26 de diciembre 2005 - 00:00

Emisario kirchnerista aterriza en el Consejo

Carlos Kunkel
Carlos Kunkel
Con la media sanción de la ley que achica el Consejo de la Magistratura en el bolsillo, la senadora Cristina Kirchner dio otro paso para tomar el control del estratégico órgano donde se nombran y echan jueces. Mañana desembarcará otro embajador del « cristinismo»: Nicolás Fernández.

Hombre del Sur, pingüino de pura cepa, el «Nico» Fernández es senador por Santa Cruz y renovó mandato en la lista de Alicia, la hermana del Presidente.

El senador tiene tanta proximidad a Cristina, que en la Cámara alta «la señora» desde su llegada lo sentó en la butaca que está a su izquierda. Fernández viene a reemplazar a Jorge Yoma, ahora cómodamente instalado en la Embajada de México.

Nacido en Puerto Deseado, el sureño hizo toda su carrera política en Santa Cruz, desde concejal de Caleta Olivia hasta diputado nacional.

El santacruceño es el tercer hombre del oficialismo que aterriza en el Consejo de la Magistratura como parte del recambio político que dejó la partida del duhaldista Jorge Casanovas, la menemista Leila Chaya, Yoma y los radicales Juan Minguez y Carlos Prades.

•Control

Fernández vendrá así a formar bloque con Carlos Kunkel y Diana Conti en la defensa de la posición oficial de tomar el control ideológico del cuerpo colegiado y quitar representación a jueces, abogados y académicos.

Precisamente, la intención de avanzar sobre el Consejo de la Magistratura podría alcanzar otro logro si Diputados aprueba la ley que ya tiene media sanción en el Senado.
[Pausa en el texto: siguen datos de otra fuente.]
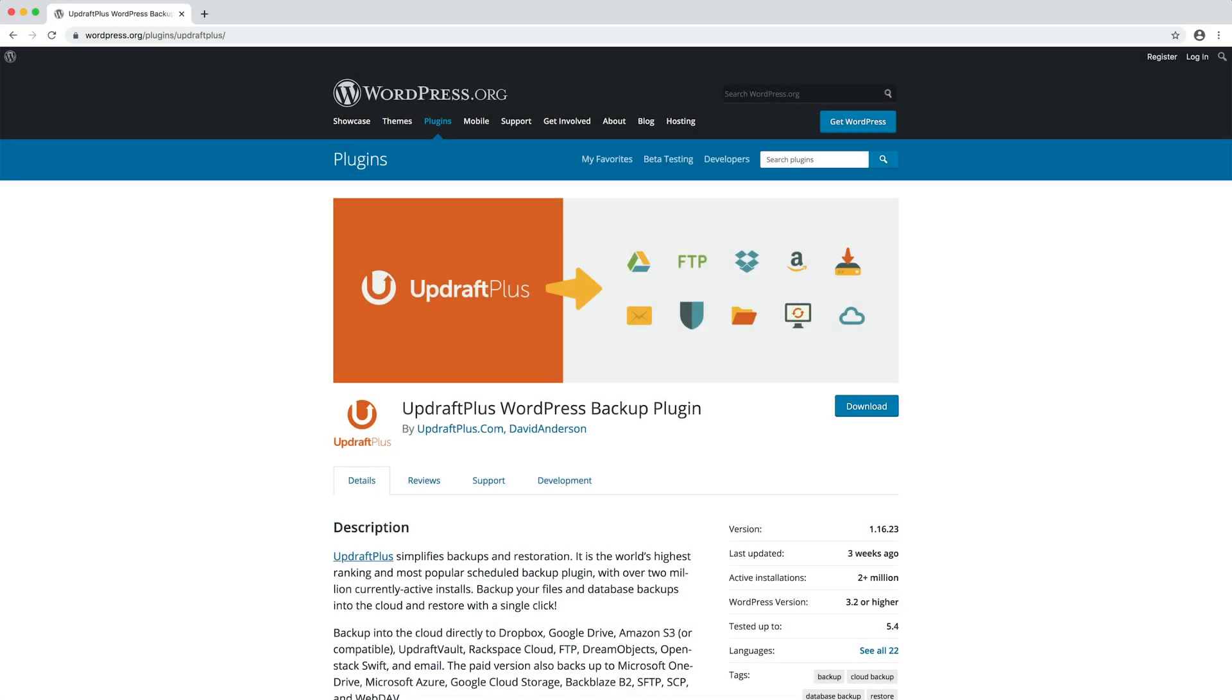Since at the time of the update, on the server many operations take place at the same time, whenever you update it is always a good idea, even if not mandatory, to make sure that you have a current backup of your website and database.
De todos modos, la Justicia podría frenar su concreción si algún valiente juez tiene la osadía de ir contra el interés del gobierno. Es decir, se anima a declarar inconstitucional la reforma.
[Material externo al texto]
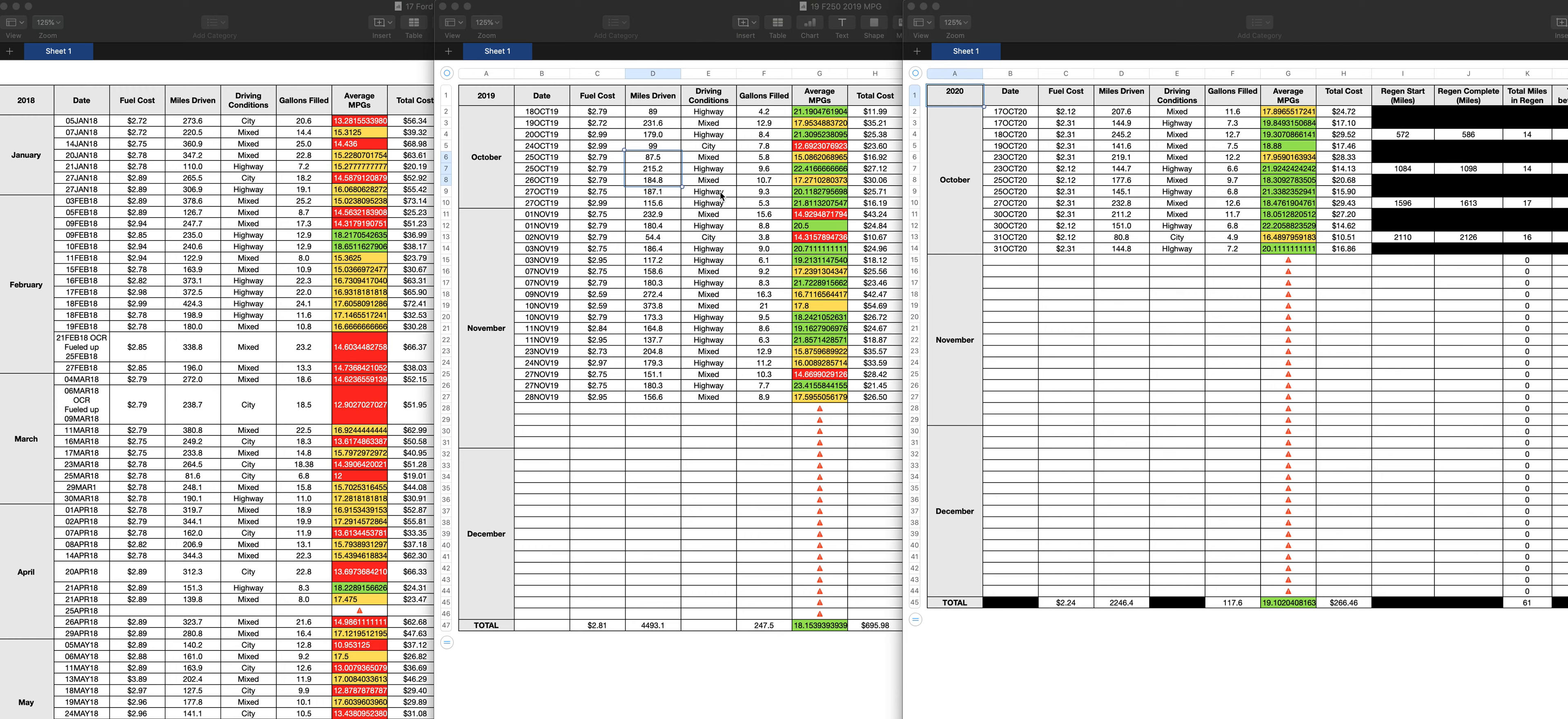And then we go to the 2019 F-250. It's better, right? As a matter of fact, look at this. I didn't realize I didn't remember that I could get over, I got 23 miles to the gallon on the 27th of November, 2019. That's really good. 23.4 miles to the gallon.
El senador Fernández llegará cuando el consejo se apresta a tratar un caso de trascendencia: el enjuiciamiento o no del juez en lo penal económico Carlos Liporace, por su actuación en la investigación del tráfico de drogas a España en un vuelo de Southern Winds
.

Liporace fue acusado - antes de partir - por el consejero Juan Minguez de participar «deliberadamente
en el encubrimiento de la verdad» en el caso de las «narcovalijas». Minguez hizo esta aseveración en su dictamen contra Liporace, que sería analizado mañana en el pleno, un proceso que podría terminar con la carrera del juez.

Liporace llevaba el caso por el contrabando de 60 kilos de cocaína a España en cuatro valijas que viajaron por SW, pero fue apartado por su cuestionada pesquisa en la que dictó la falta de mérito de los dueños de la compañía.

«La
parcialidad en la que sucumbió el juez Liporace, dejando impolutos a quienes tenían mayor jerarquía y poder en la empresa SW y a quienes estaban de alguna manera vinculados al Estado, se nutrió para arribar al resultado buscado de numerosos artilugios que a su vez dieron nacimiento a graves irregularidades», embistió Minguez en su escrito.
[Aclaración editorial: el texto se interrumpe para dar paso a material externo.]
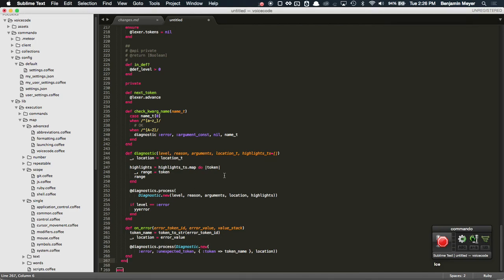Hey there, another cool voice code demo here. This one is a really cool way to navigate the cursor around.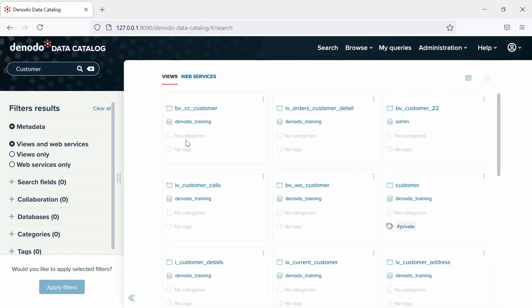Since we see a lot of information, let's go ahead and refine our results by applying some of the available filtering options under the Filter Results section on the left panel.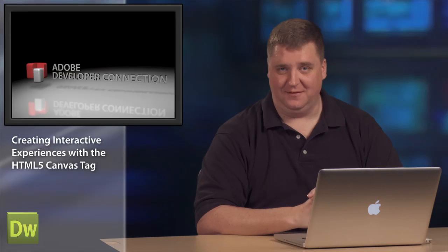Hi, I'm Adobe developer evangelist Kevin Hoyt. In this series we've been exploring how to get started with HTML5 Canvas.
La acusación incluye ocho cargos: «
dilación intencionada del trámite de la causa, omisión voluntaria de investigación, falta de vigilancia sobre las actuaciones (fuga de información), entorpecimiento deliberado de la pesquisa, faltar a la verdad deliberadamente, apartamiento consciente del derecho, violación del deber de imparcialidad y afectación del derecho de defensa en juicio y del debido proceso».